-------- Exercise materials --------
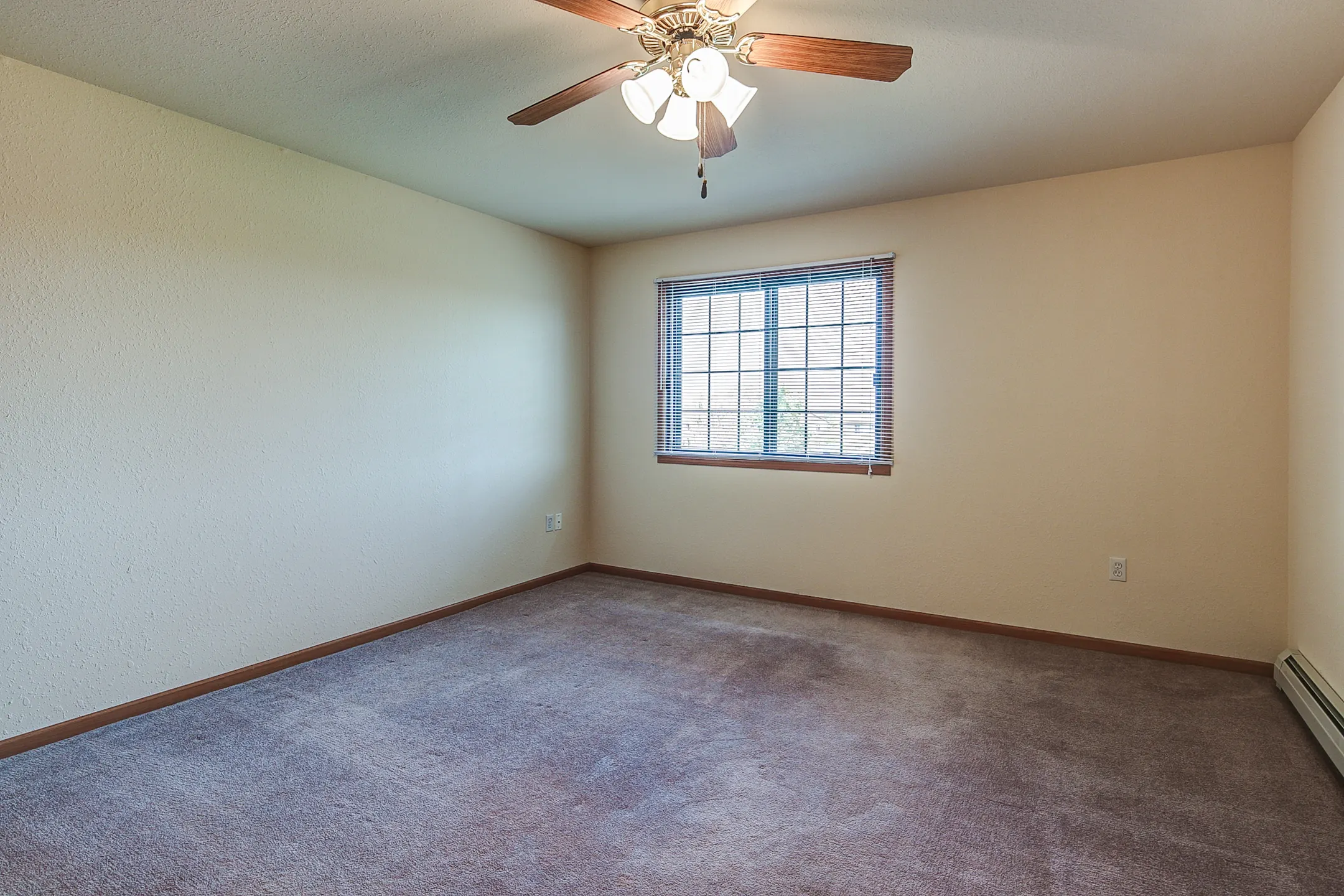 Audubon Park Apartments and Townhouses 201 Air Park Dr Watertown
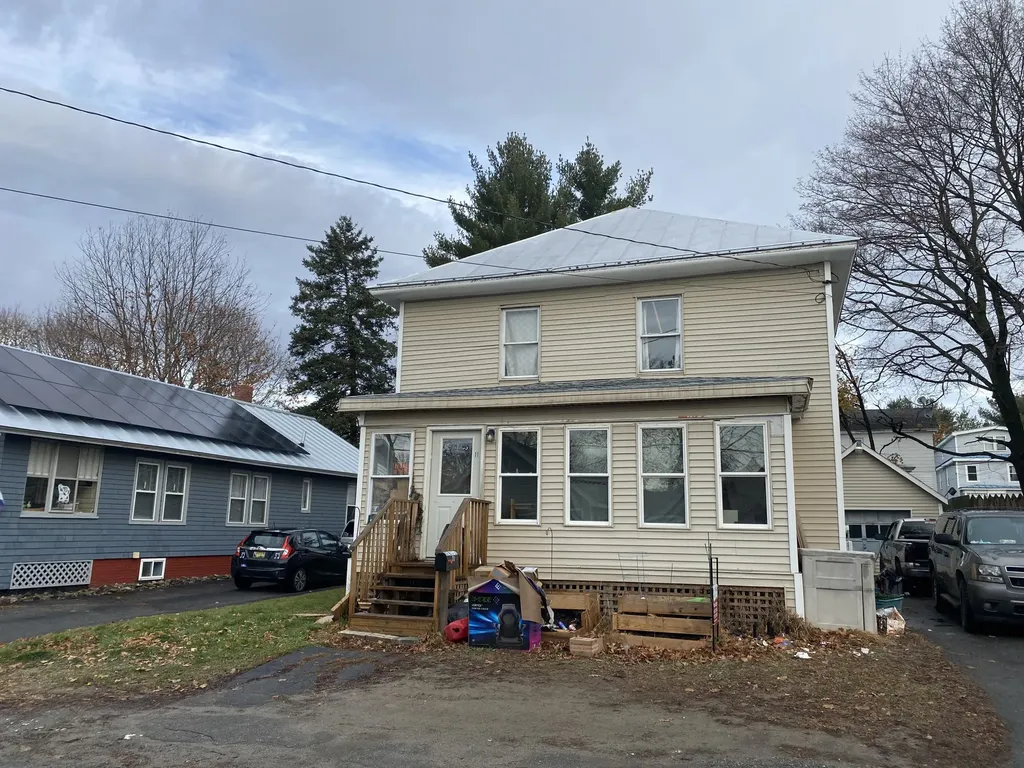 11 Donald Street Waterville ME 04901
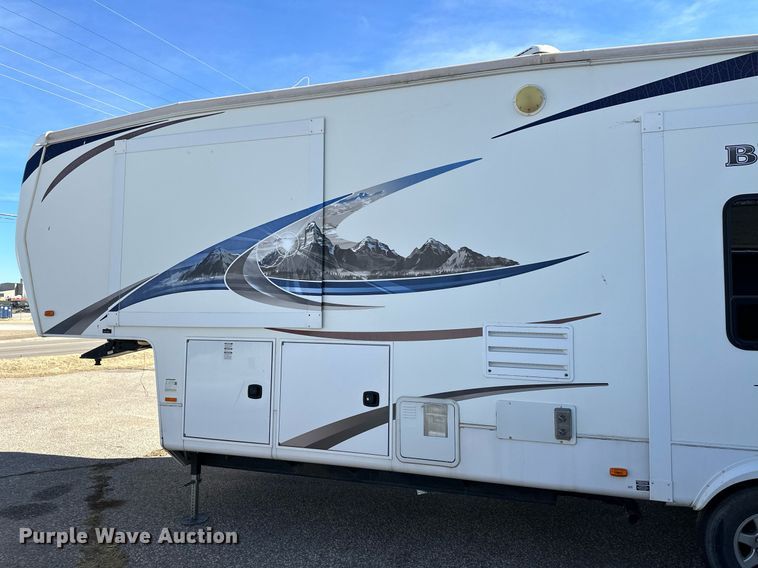 image for item DM2671 2011 Bighorn 3055 RL camper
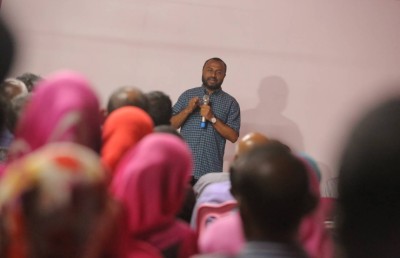 އިދިކޮޅު ޕާޓީތަކުގެ ވެރިކަމެއްގައި އޮންނާނީ ޖާސޫސް ކުރުމާއި ތަޅާފޮޅުން: ޑރ. ޝަހީމް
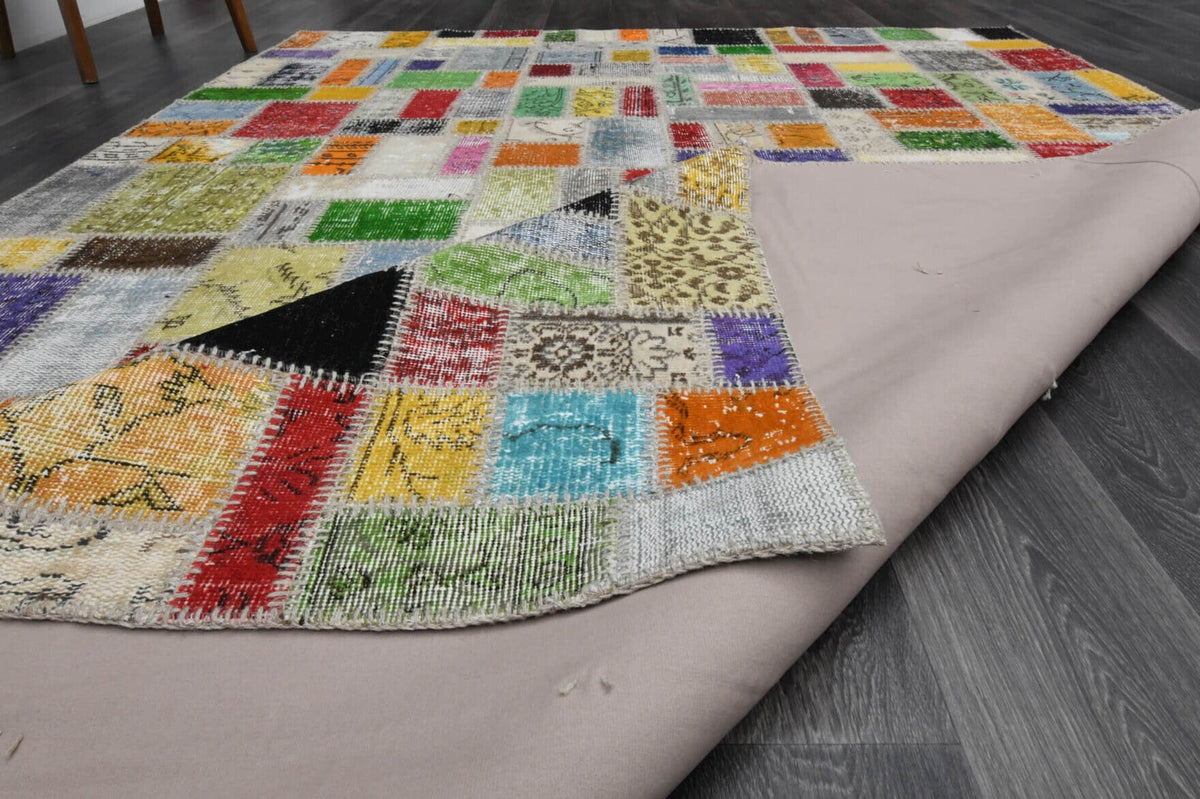 El yapımı vintage halı 203x302 cm düz desenli yün - ışık altında renk detayı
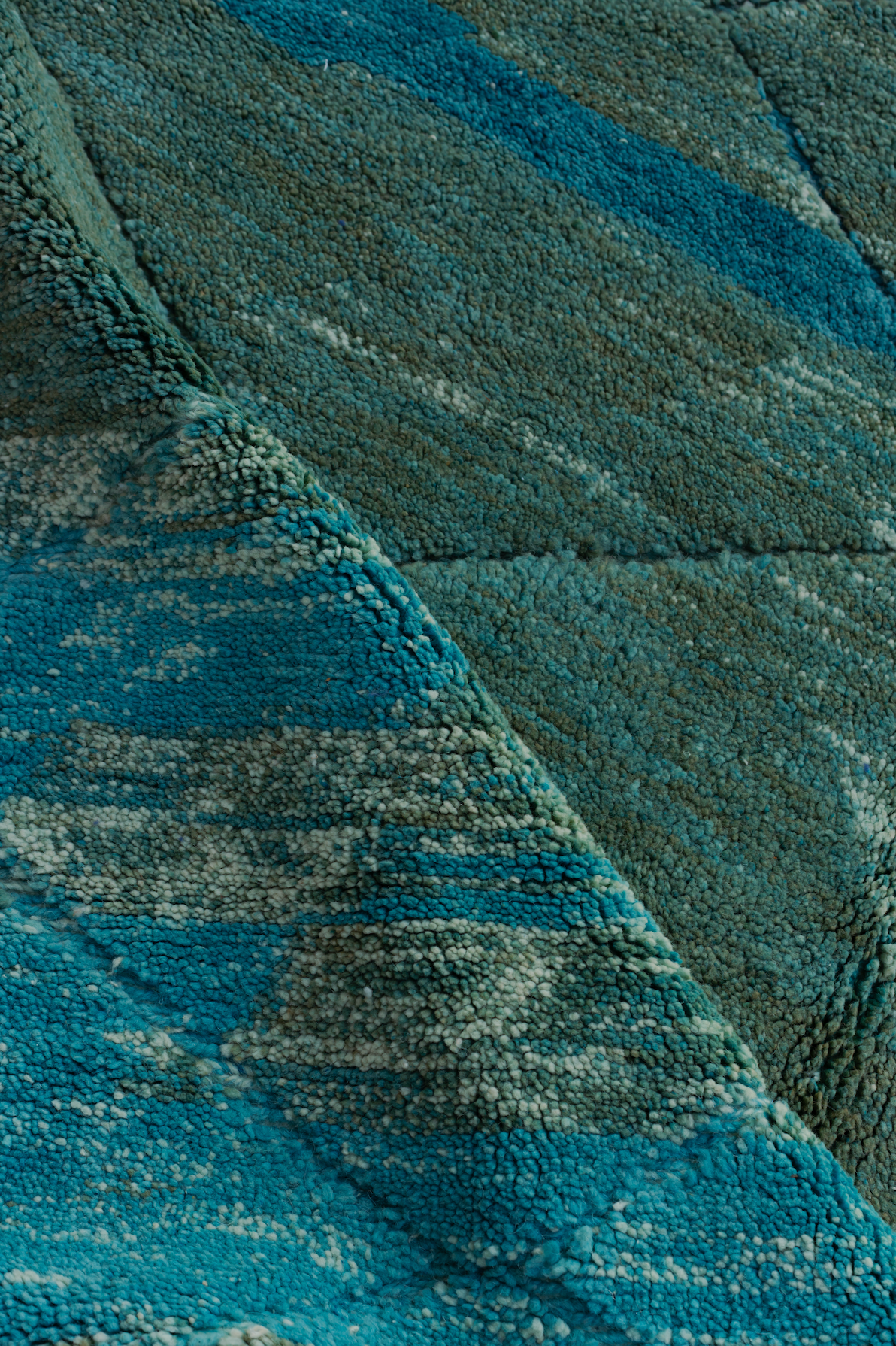 Azrou Handwoven Moroccan Wool Rug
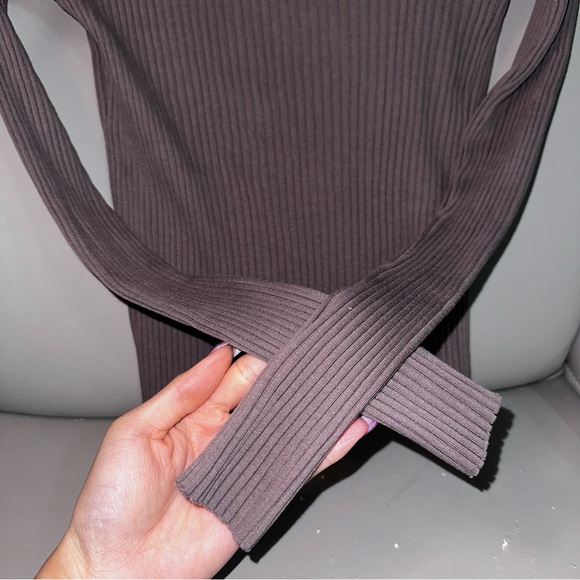 Zara Cutout Turtleneck Ribbed Long-sleeve Sweater Knit Top - Picture 3 of 5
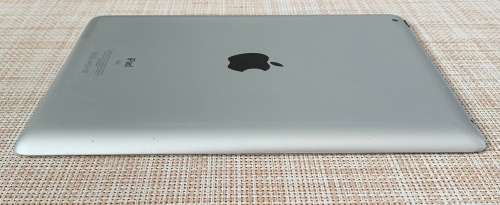 APPLE iPAD 2 SILVER 16GB WIFI-READ!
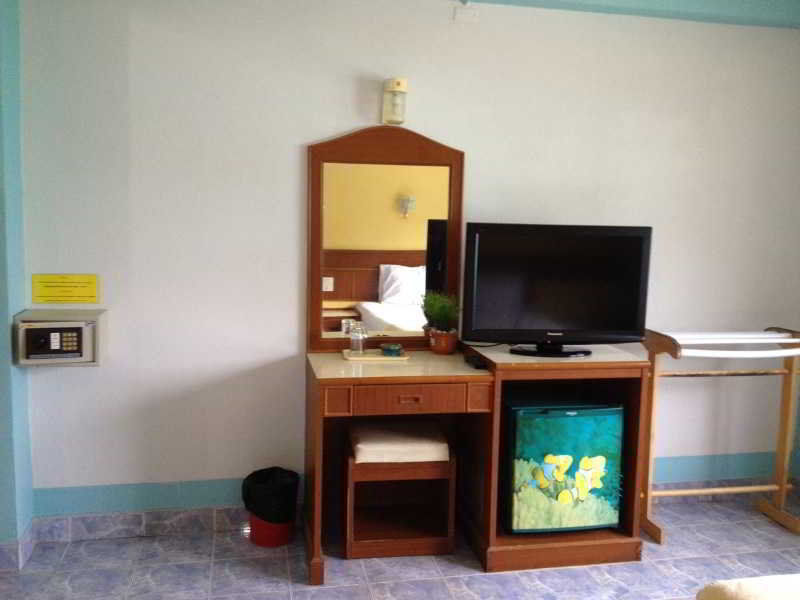 J Apartment Ao Nang Bagian luar foto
--------
> The task
Copy the records exactly. Skip the pictures.

> Exercise solution
 Audubon Park Apartments and Townhouses 201 Air Park Dr Watertown
 11 Donald Street Waterville ME 04901
 image for item DM2671 2011 Bighorn 3055 RL camper
 އިދިކޮޅު ޕާޓީތަކުގެ ވެރިކަމެއްގައި އޮންނާނީ ޖާސޫސް ކުރުމާއި ތަޅާފޮޅުން: ޑރ. ޝަހީމް
 El yapımı vintage halı 203x302 cm düz desenli yün - ışık altında renk detayı
 Azrou Handwoven Moroccan Wool Rug
 Zara Cutout Turtleneck Ribbed Long-sleeve Sweater Knit Top - Picture 3 of 5
 APPLE iPAD 2 SILVER 16GB WIFI-READ!
 J Apartment Ao Nang Bagian luar foto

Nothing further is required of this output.